Eugene Ostashevsky is a Russian-born American poet from New York City. His poetry books include Iterature and The Life and Opinions of DJ Spinoza, which employs characters such as MC Squared, Peepeesaurus, the Begriffon and, of course, DJ Spinoza, to explore the shortcomings of axiomatic systems with the insouciance and energy of Saturday-morning cartoons. He has edited an English-language anthology of Russian absurdist writings of the 1930s by such authors as Alexander Vvedensky and Daniil Kharms. His PhD dissertation was on the history of zero. He teaches at New York University.

Carolina Maugeri: Transcription, auto-correction, revision, & improvisation, & the personal-to-cultural tensions & histrionics that arise from such activities, make up her main poetic preoccupations. In addition to writing, she likes to make music, surveys, sketches, &
explores sound & textures through vocal phonic utterances, typewriter taps, multi-instrumental manipulations within interrupted songscapes. She lives in Philadelphia, where she teaches writing & literature to visual artists at the Pennsylvania Academy of the Fine Arts.

Kyle Conner is a poet who works and lives in Philadelphia with his keeshond Sam. His chapbooks are: Songs for South St. Bridge (1996), The Pulverized Thing of Doubt (2002), Toward Belief (2005) and breaths for f l e s h (2008). He has been involved with the Philadelphia literary scene for over 15 years and has given numerous readings in various venues. He co-curated the Highwire Reading Series from 1998-2000 and is the nominal spokesman for the theory of “Oughtism” (because you Ought to know), which makes the obvious explicit: that art is never more or less than an extension of the way one chooses to live one’s life.


Apr 24: Holmquest & Warsh

Lewis Warsh is the author of numerous books of poetry, fiction and autobiography, including A Place in the Sun, Inseparable: Poems 1995-2005, Touch of the Whip, Avenue of Escape and Ted's Favorite Skirt. He is coeditor of The Angel Hair Anthology, editor and publisher of United Artists Books, and director of the MFA program in creative writing at Long Island University in Brooklyn.

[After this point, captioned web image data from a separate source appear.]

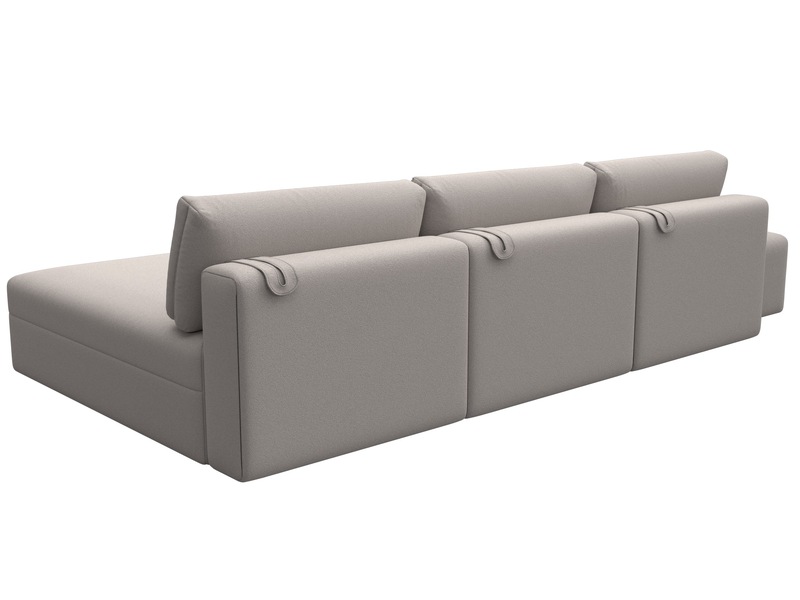 Диван угловой модульный с пуфом Лига-060 НПБ Лонг угол универсальный, Замша, JOLY 05 бежевый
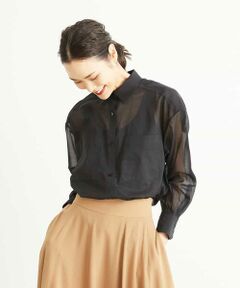 MICHEL KLEIN / ミッシェルクラン シャツ・ブラウス | 【洗える】コットンオーバーシアーブラウス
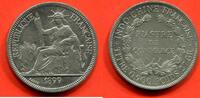 Ausländische Münzen 1 PIASTRE INDOCHINE EN ARGENT 1899 POIDS 26.96g / N° CATALOGUE : LECOMPTE281 -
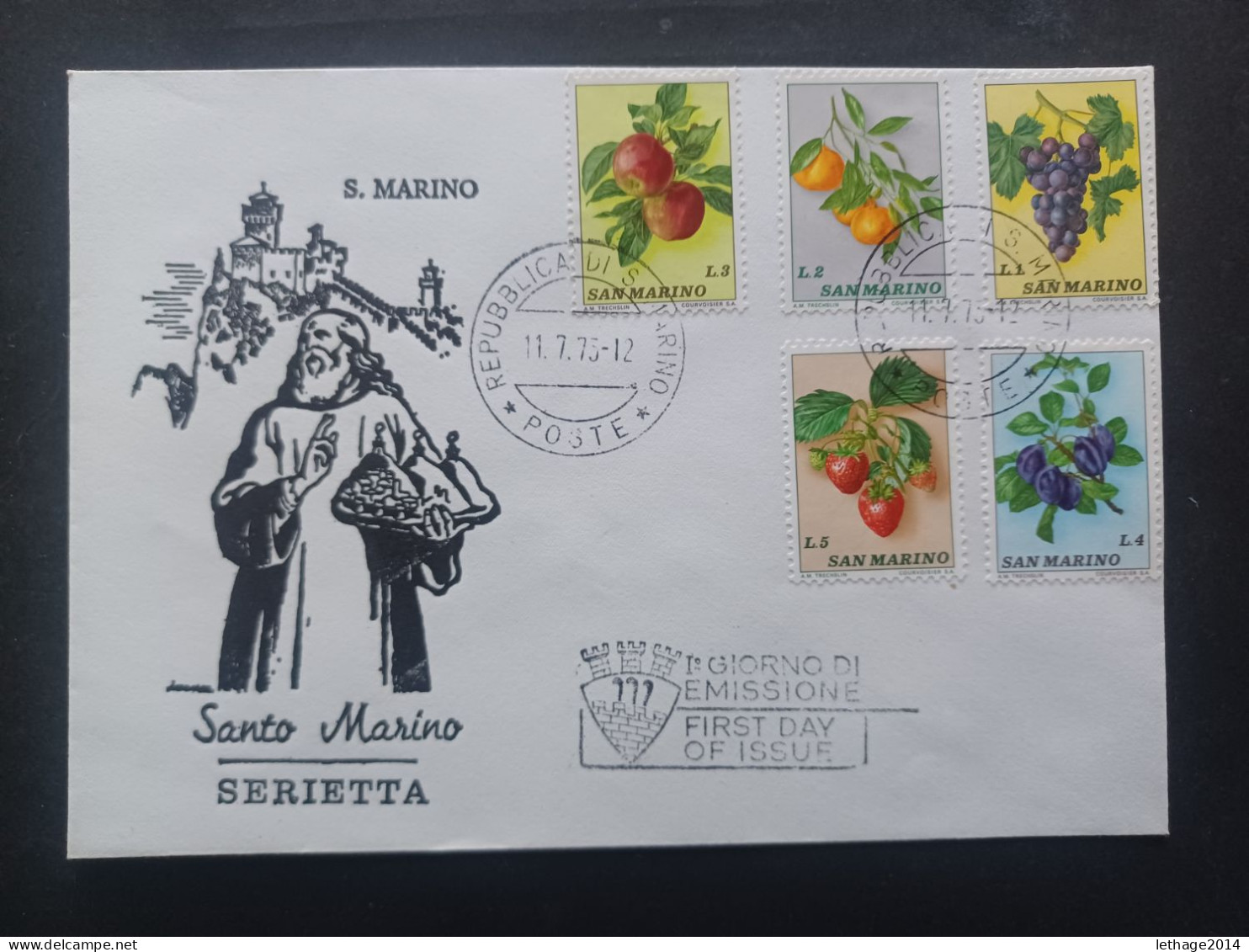 SAN MARINO FIRST DAY COVER 1972 FRUTTA - Storia Postale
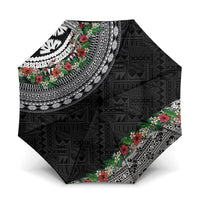 Fiji Hibiscus Umbrella Tapa Masi Motifs with Tropical Plants LT03 One Size Folded 11.42 inch Opened Diameter 37.4 inch Black - Polynesian Pride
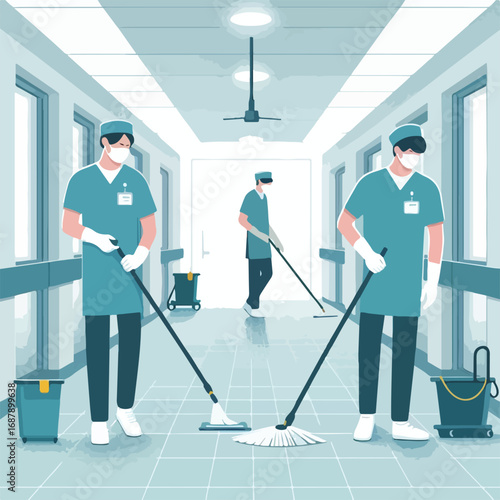 A cleaning staff mops a hospital corridor with a simple and minimalist flat design using a white background.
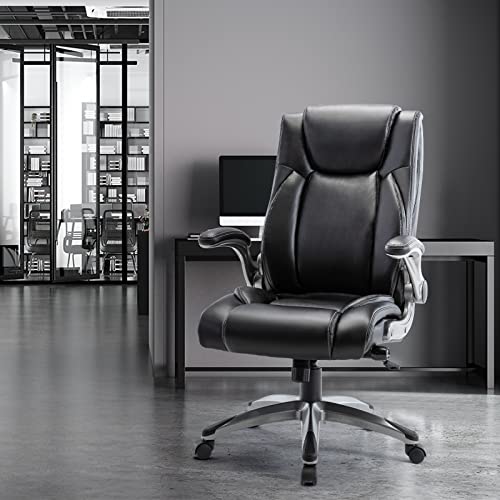 COLAMY Executive Office Ergonomic Chair with Adjustable Lumbar Support, Flip-up Armrests, High Back Adjustable Height and Tilt for Working, Study, Gaming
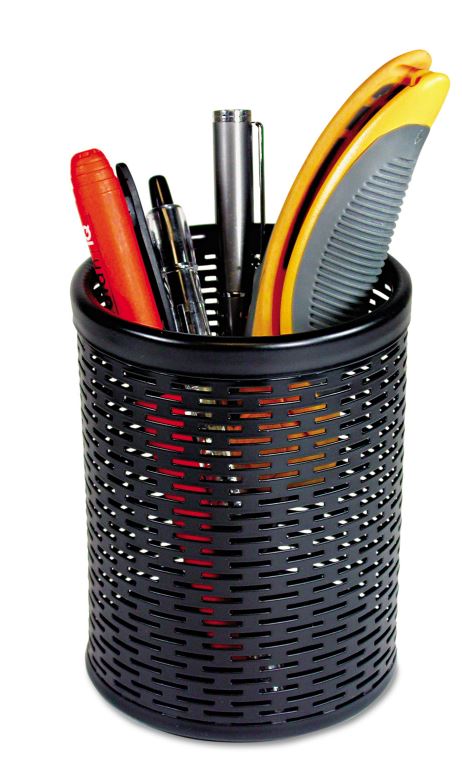 Urban Collection Punched Metal Pencil Cup, 3 1/2 x 4 1/2, Black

Brandon Holmquest was born 1979, in Indiana. Teenage years up to early twenties Missouri. Three trips along the length of the Mississippi. Then three years in Chicago, two in Philadelphia, two and a half in New York. Currently in Philadelphia again. His books are Stereo Daguerreotype, The Sorrows of Young Worthless, and a translation of Manuel Maples Arce's City: Bolshevik Superpoem in 5 Cantos.


April 17: Audia, Berrigan, Weiser

Justin Audia lives in Philadelphia, where he co-curates the Moles Not Molar series and works in adult education from 9 o'clock in the morning until 5 o'clock in the afternoon. His writing has appeared somewhat recently in places like sidebrow and Pocket Myths. He still hopes to publish his first book before turning 12.

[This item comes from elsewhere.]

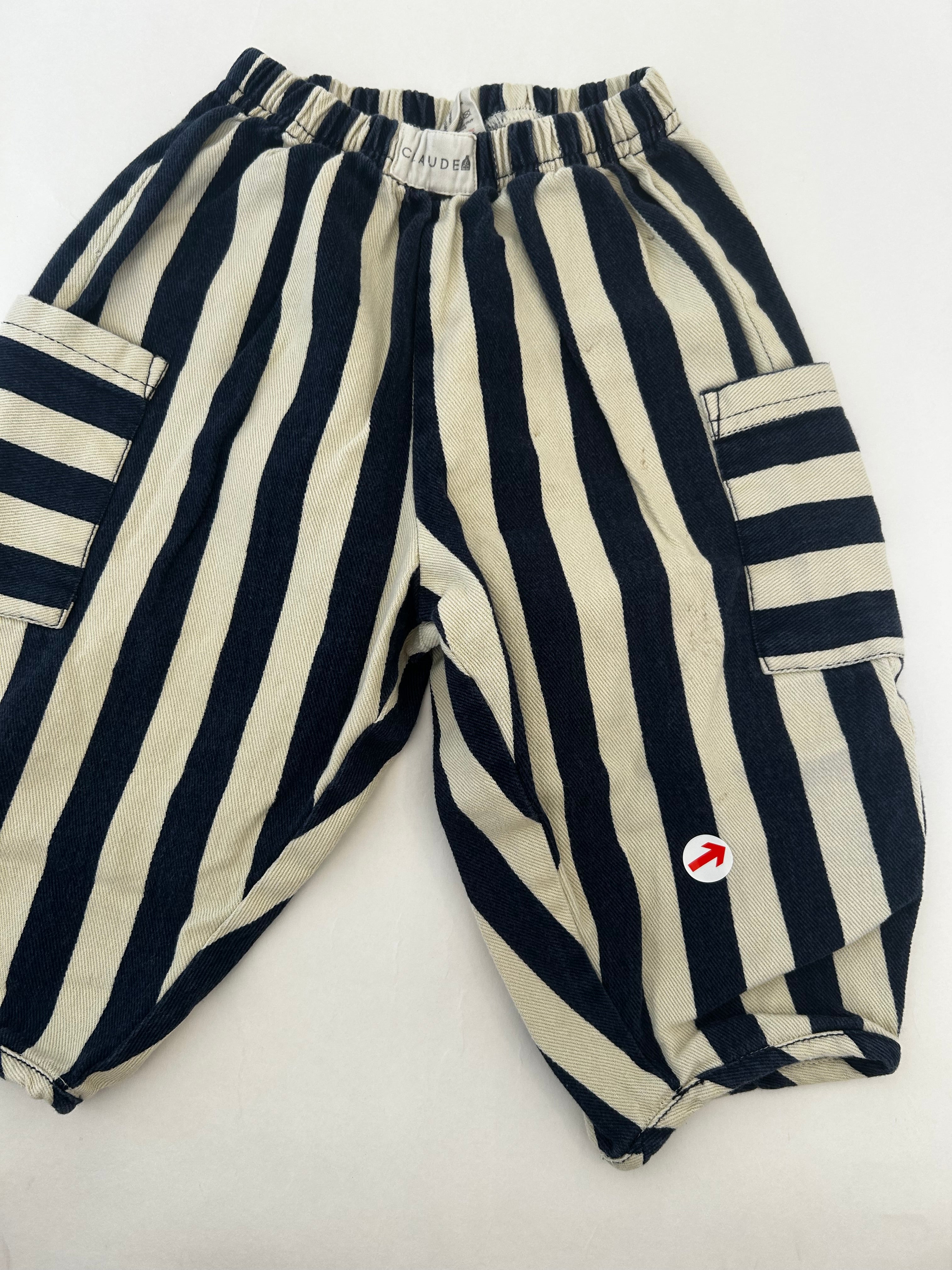 Claude & Co Navy striped wide leg trousers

Anselm Berrigan's most recent book of poems is Free Cell, published by City Lights last fall. Other books include Zero Star Hotel and Some Notes on My Programming. Recent unpublished poems include Primitive State and Notes from Irrelevance, the titles of which indicate work moving further away from the saleable light. He is the poetry editor for The Brooklyn Rail, and a member of the subpress publishing collective, through which he published Selected Poems of Steve Carey last year.

Karen Weiser lives in New York City where she is studying for her doctorate in English. Her chapbooks include Placefullness and Eight Positive Trees, she has published in 6X6, Lungfull! Magazine and Cypress Magazine, and her new book, To Light Out, was just released by Ugly Duckling Press.